Although the area has been subject to severe erosion that recently eroded the protective sand dunes to the height of Rosenello’s knees, North Wildwood has yet to receive a full beach nourishment project from the state and the U.S. Army Corps of Engineers, thanks in part to funding delays and difficulties in getting obtaining easements from private property owners.
The state Department of Transportation implemented an interim replenishment project last summer after Democratic Gov. Phil Murphy called the erosion in North Wildwood “shocking.” Rosenello said the work has held up well in subsequent months.
The settlement will be subject to a public comment period before it goes into effect next year. Rosenello said the full project will begin in North Wildwood sometime in 2025.

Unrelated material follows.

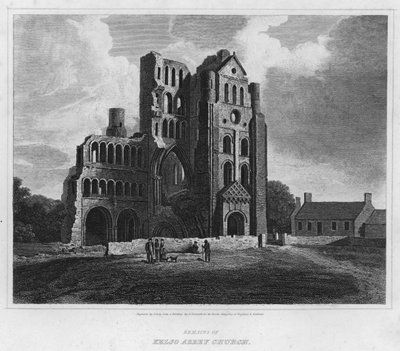 Rester av Kelso Abbey Church (gravering) av Alexander (after) Nasmyth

Neither the Army Corps nor the DEP immediately responded to a message seeking comment after Tuesday’s vote.
In addition to ending the lawsuit, North Wildwood will contribute $1 million toward the final cost of the federal beach nourishment project once it arrives in the city and pay $700,000 into a state water pollution control fund, the mayor said.
The agreement also provides a clear regulatory pathway for North Wildwood to obtain the environmental permits it needs to undertake other coastal protection work, including the expansion of a seawall.
On several occasions, North Wildwood made emergency repairs, including constructing an earlier bulkhead without state approval. New Jersey Environmental Protection Commissioner Shawn LaTourette warned the city in 2023 that unauthorized work could have more serious consequences if it continues, including possible loss of future coastal protection funding.